I’m a “special ed.” teacher. I prefer to say that I teach kids with special needs. I actually prefer to think that I just have some tricks to help ALL kids learn and that’s what makes me qualified to work with kids who are “exceptional.” Whatever you call them, kids are kids. And the new “Common Core State Standards Initiatives” is for ALL kids, no matter their exceptionalities.
The CCSS webpage says that “The Common Core State Standards provide a consistent, clear understanding of what students are expected to learn, so teachers and parents know what they need to do to help them. The standards are designed to be robust and relevant to the real world, reflecting the knowledge and skills that our young people need for success in college and careers.” To be clear, I do not understand how these standards achieve these goals where the “old standards” or the “Ohio Academic Content Standards” didn’t. In reviewing the CCSS (for grades K-3) in the past several months, I see some holes. I see some questionable areas. I see that some of the Math Standards appear to be more developmentally appropriate while some of the English Language Arts Standards do not. The more I keep reading about the CCSS (there’s also a Free App called Common Core Standards), they are actually quite controversial and a bit of a conversation piece. No matter what my stance on the acceptance of these standards, one thing we can agree on, we need to keep standards high and consistent so that all kids can learn.
With the implementation of the CCSS, I have had to reexamine some lessons, redesign some practice activities, and rethink some of our strategies. In doing so, I keep going back to one concept, all kids can learn. And although I found the “Application to Students with Disabilities,” I feel that I can make the connections myself. This document lacks something for me when connecting CCSS to my students. My students have autism. They have cognitive disabilities. My students have genetic disorders and speech and language disorders and hearing impairments. My students are individuals and the generic modifications and accommodations become more meaningful when I think of them in context of my own students.
Here’s an example. Student A is going to first grade. He uses words, but only in 1-3 word phrases and typically only when he wants or needs something. He is not conversational and although he enjoys listening to books read aloud, he prefers to listen to an animated, automated voice read the text rather than my teacher voice. I believe he does this so that he can repeatedly return to his favorite pages and hear the same text time after time.
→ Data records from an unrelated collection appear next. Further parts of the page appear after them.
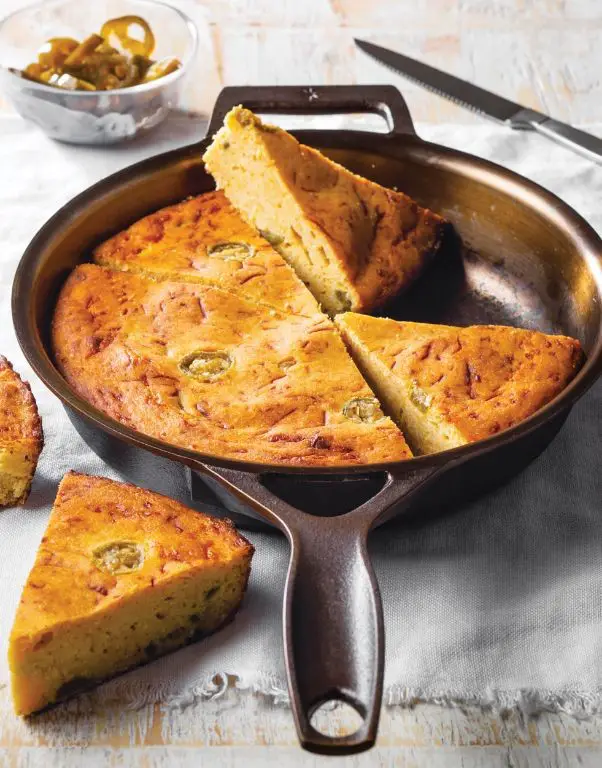 Kentucky Beer Cheese and Cornbread Casserole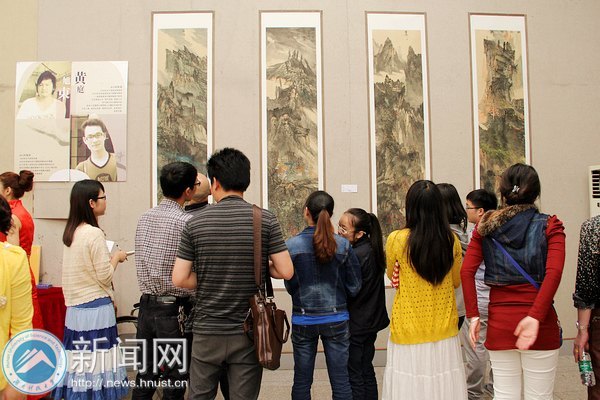 追求国画梦想 展览艺术精神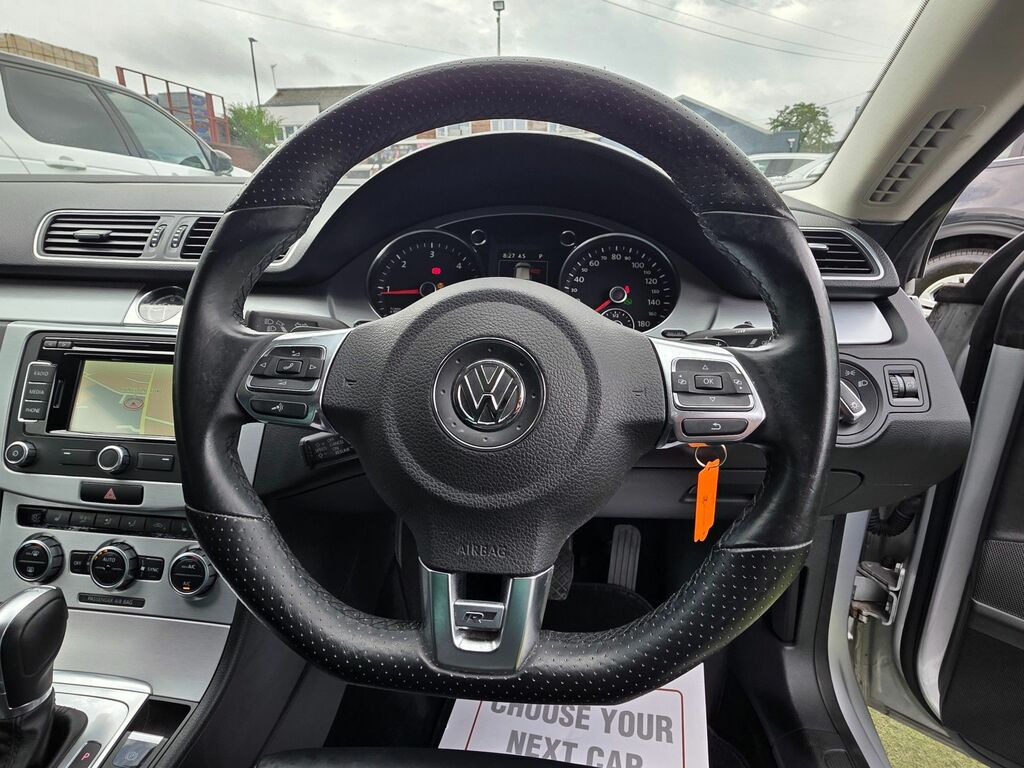 Volkswagen CC 2.0 Tdi 177 Bluemotion Tech R-line Dsg  #29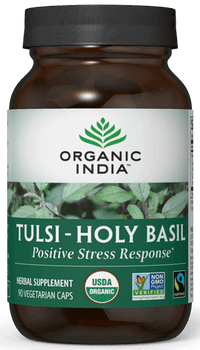 Thumbnail for Tulsi - Holy Basil 90 Capsules Organic India Supplement - Conners Clinic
He has started to read this year, now expressively reading 10 sight words and attempting to sound out short a words like hat, cat, can, man and ant. His typically developing peers are now reading over 30 sight words and have learned to read all short vowel words using a, e, i, o, and u. They can read decodable text on their own and expressively tell what the story is about. Student A can point to pictures and use one word utterances to label them. Typically developing students can label objects in writing and have started to write complete sentences. Although Student A is at a very different developmental level than his peers, grade level standards can he applied to both Student A and his same grade peers.
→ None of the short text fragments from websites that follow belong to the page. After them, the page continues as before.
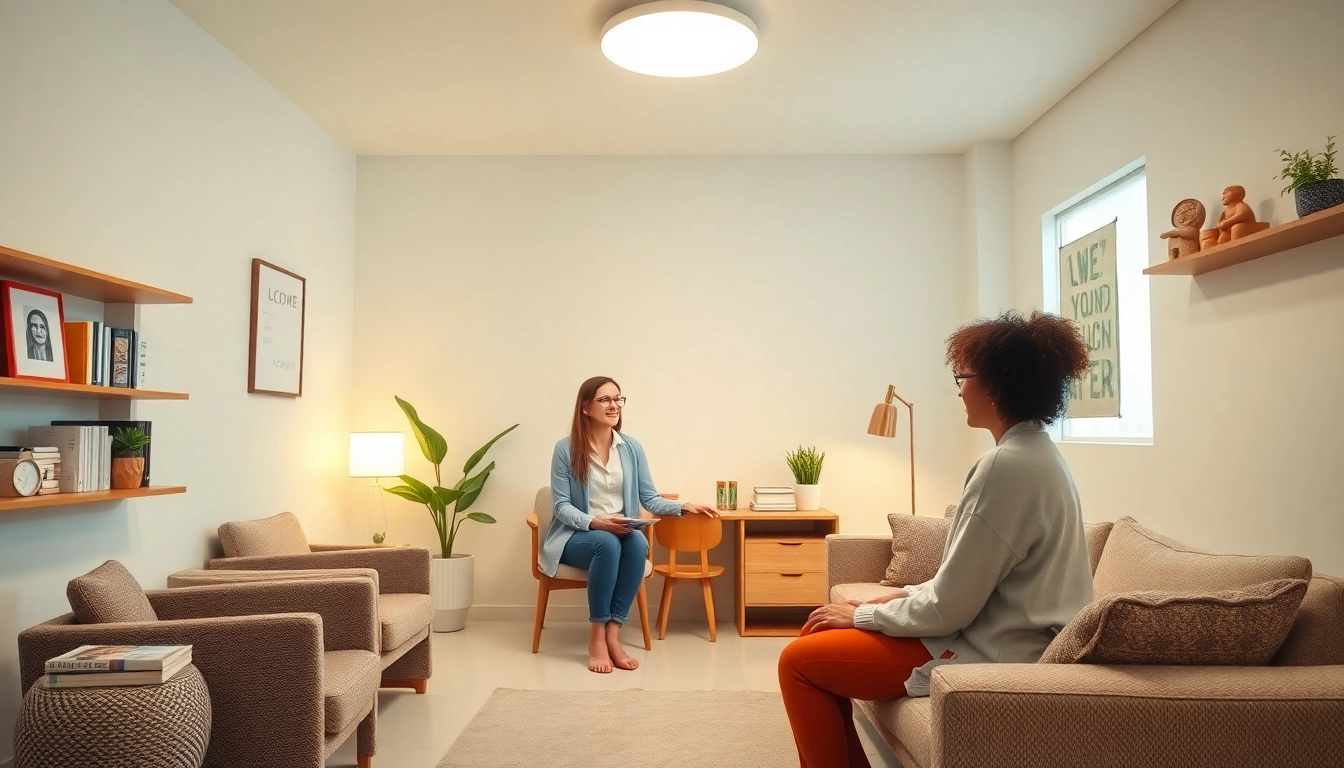 Psycholog Lublin provides compassionate mental health support in a cozy, professional setting with caring therapists.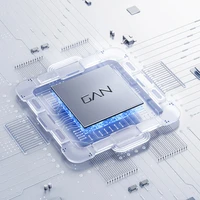 GaN Dudao A30EU 30W USB-A / USB-C sieninis įkroviklis - baltas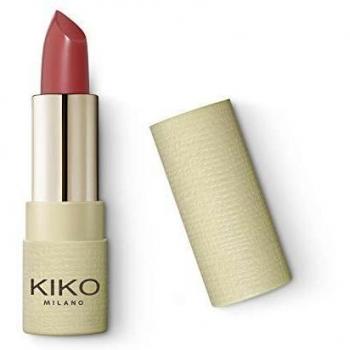 KIKO Milano Green Me Matte Lipstick 102 | Labial mate confort extremo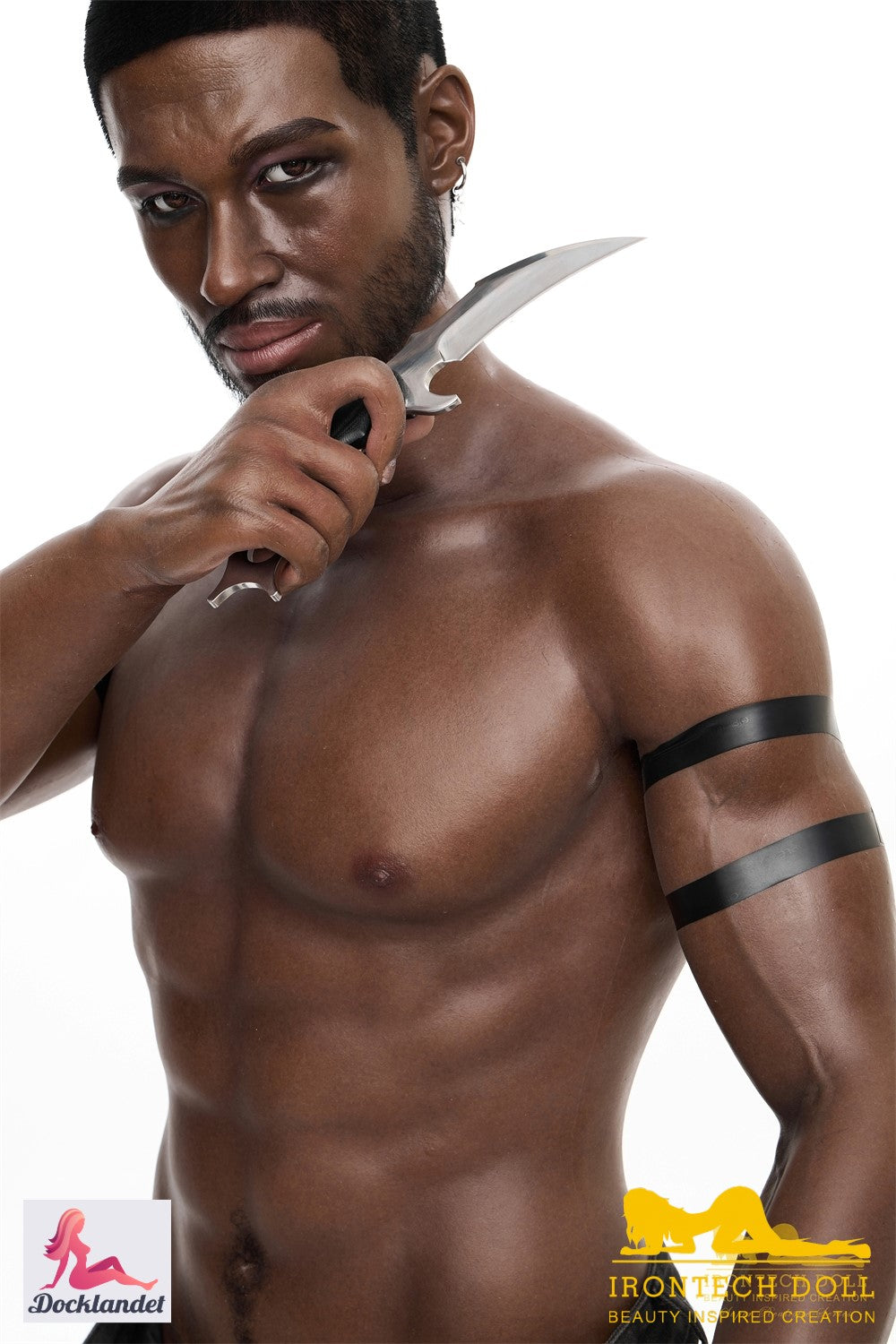 Regning mannlig sexdukke (Irontech Doll 176 cm M7 silikon)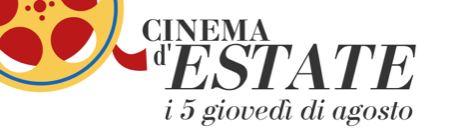 CINEMA D'ESTATE - 24 AGOSTO 2023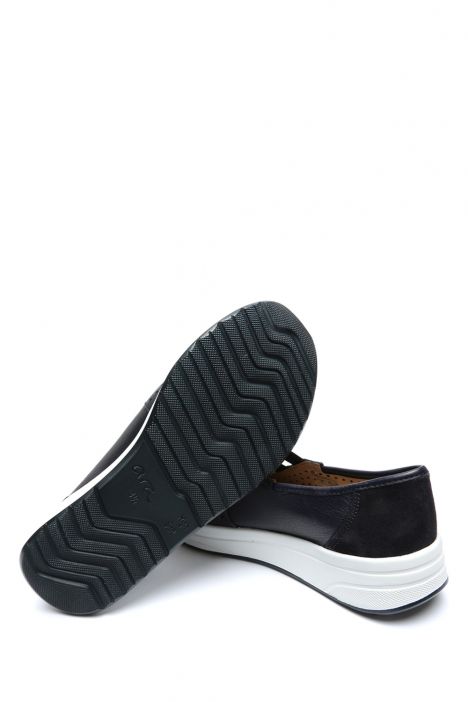 32450 Ara Shoes Kadın Deri Günlük Ayakkabı 3.5-7.5 BLUE - 72BL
One of Student A’s IEP objectives is to choose the beginning sound of a word given four letter choices visually. This ties directly to Phonemic Awareness Objectives like “Isolate and pronounce initial, medial vowel, and final sounds (phonemes) in spoken single-syllable words.” While Student A may be working on beginning sounds with visual choices as an accommodation, a typically developing peer may be working on medial or final sounds in short or long vowel words.
So, how can we use iOS Apps to support objectives such as these? Well, think of the App Word Magic. Word Magic ($.99) gives four letter choices as the beginning, medial, or ending sound of a word that is represented with a visual picture cue. You can customize for 3 letter words or long words, as well as long or short vowel words. You might even get to work on letter blends and digraphs. It even takes data to show those responses correct on the first try and those incorrect, but allows the user to continue “guessing” until he/she chooses the correct letter for errorless learning.
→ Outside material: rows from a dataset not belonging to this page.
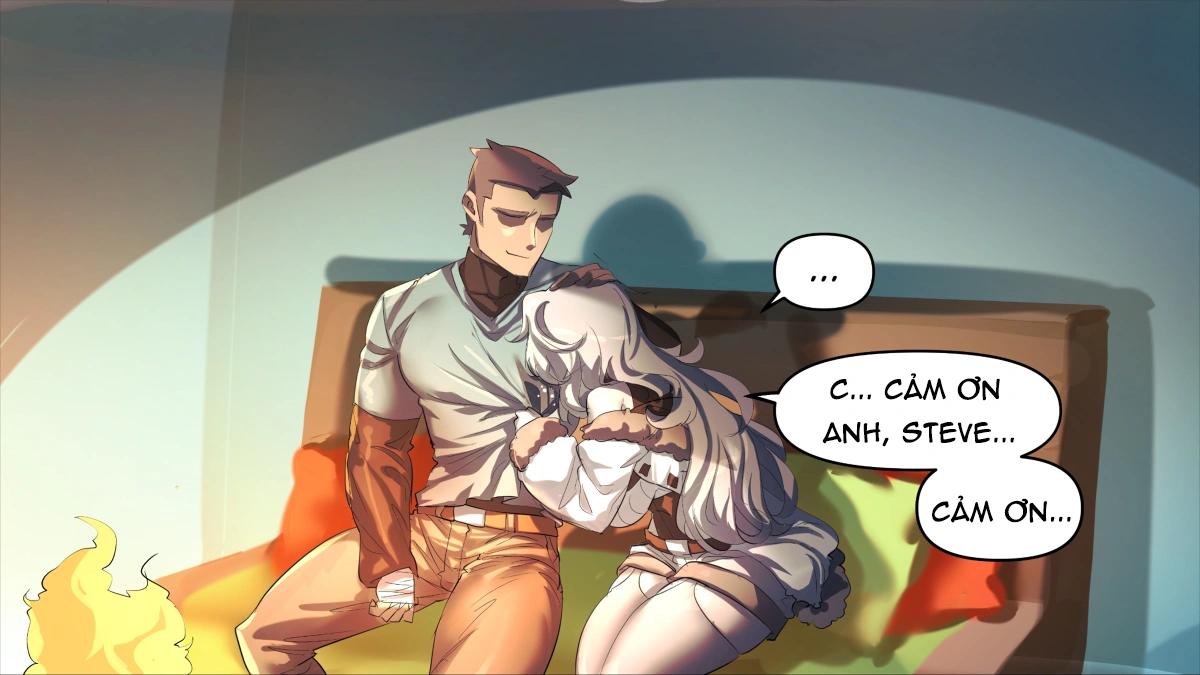 HentaiVN.net - Ảnh 14 - Minecraft Anime Edition - Chap 28
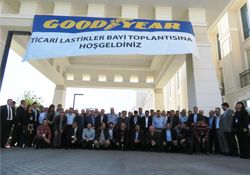 Goodyear Ticari Lastikler Strateji Toplantısı Antalya’da Gerçekleşti.
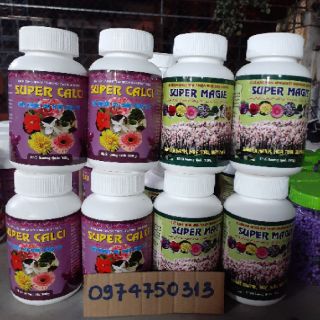 Phân bón lá super Canxi lọ 100gr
How about ABC Magnetic Alphabet ($1.99)? It provides picture cues as “magnets” then allows letters as “magnets” so that objects can be labeled in writing using manipulative letters.
How about using the Educreations Interactive Whiteboard (free) where we could produce a whole lesson, record it, and play it back for later review? Perhaps review at home? Or preview at home? Have we just “flipped” the resource room?
There are thousands of Apps that can assist in any classroom, including inclusion classrooms and resource rooms. Check out this great resource page called “APPvice: Using iOS Devices to Support Students with Special Needs” in which pages are provided for specific areas of concern, as well as recommendations for Apps and demonstrations of Apps. Melanie Broxterman (a “special ed.” teacher from the greater Cincinnati area) and I created this page for a state presentation and have since shared it and used it in countless situations.
Another resource that I am currently working on that is applicable to ALL kids is titled “Connecting the Common Core to iOS Apps K-3.” This is currently a work in progress and I am hoping to have it completed before the first day of school (Aug. 29th, 2012). Please check in there, and, if you have suggestions, please email me ASAP.
While teaching students with special needs is both challenging and rewarding, we need to keep in mind that ALL kids deserve high expectations, quality instruction, appropriate support, AND grade level standards.